In building sidewalks care must be taken to secure an unyielding, well-drained foundation, in order to prevent uneven settlement, cracks, or breaks. Boards or planks are generally laid crosswise of the walk, on longitudinal string-pieces, or timbers, designed to keep the boards off the ground and postpone the inevitable decay. On account of this decay, wooden sidewalks are, in the long run, decidedly uneconomical. Curbstones are from four to six inches thick and deep enough to form the necessary rise above the gutter and to extend into the earth sufficiently to give a firm foundation. They are often set on broken stone, to insure good drainage, or on concrete, to give a solid foundation. They may be of stone or of concrete. Where concrete is used it sometimes extends so as to form the gutter as well, and has the upper and outer edge of the curb protected with an iron bar or rod, imbedded in the concrete.

See Boulevards; Electric Lighting; Electric Railways; Street Railway; Gas; Heating and Ventilation (paragraph Central Heating Plants); Pavement; Road and Street Machinery; Road; Sewerage and Drainage; Subways for Pipes and Wires; Water-Works; etc.
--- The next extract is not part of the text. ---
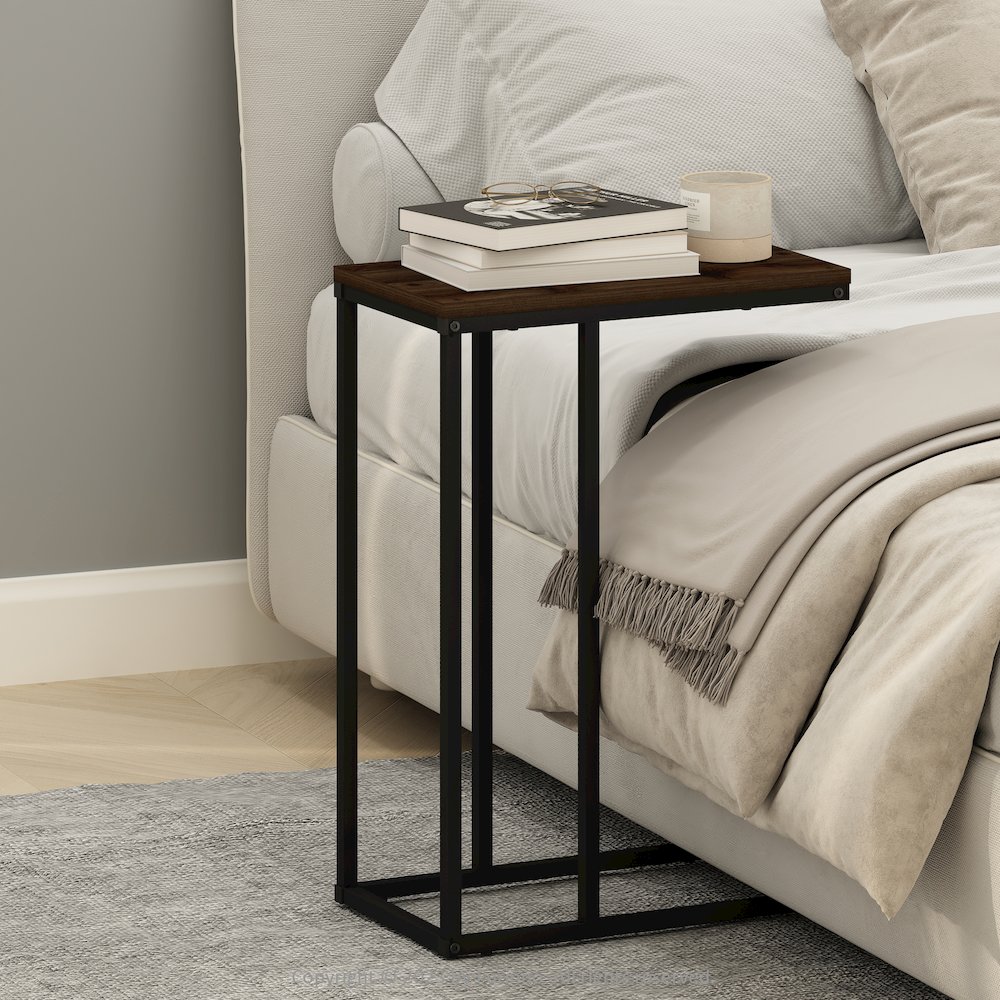 C-Shaped Side Table, End Table for Couch, Sofa & Bed with Metal Frame. Picture 6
STREET, Alfred Billings (1811-81). An American author, born at Poughkeepsie, N. Y. He studied law and began practice at Monticello, N. Y., but in 1839 removed to Albany, where he became editor of The Northern Light, and was, for the latter half of his life, State librarian. His poems deal with the sights and sounds of the woodland and the life of the more primitive days of the settlement of America. Among his verses are: The Burning of Schenectady, and Other Poems (1842); Drawings and Tintings (1844); Fugitive Poems (1846); and Frontenac; or, the Atotarho of the Iroquois (1849), a poetical romance. His chief prose works are: Woods and Waters (1860); The Indian Pass (1869); Lake and Mountain; or, Autumn in the Adirondacks (1870); Eagle Pine; or, Sketches of a New York Frontier Village (1871); and one learned work, A Digest of Taxation in the United States (1863).

STREET, George Edmund (1824-81). An English architect. He studied under Gilbert Scott, from whom he got his partiality for the Gothic style and his talent in restoring mediæval monuments. Among his principal buildings are the theological college at Cuddesden, and the churches of Saint Philip and Saint James, at Oxford, of Saint Margaret, at Liverpool, and many well-designed minor churches. Among his restorations are the cathedrals of York, Bristol, and Carlisle, Jesus College Chapel, Oxford, and Wantage church. Among his writings are The Brick and Marble Architecture of North Italy in the Middle Ages (1855), and Gothic Architecture in Spain (1865), which are classics in their fields.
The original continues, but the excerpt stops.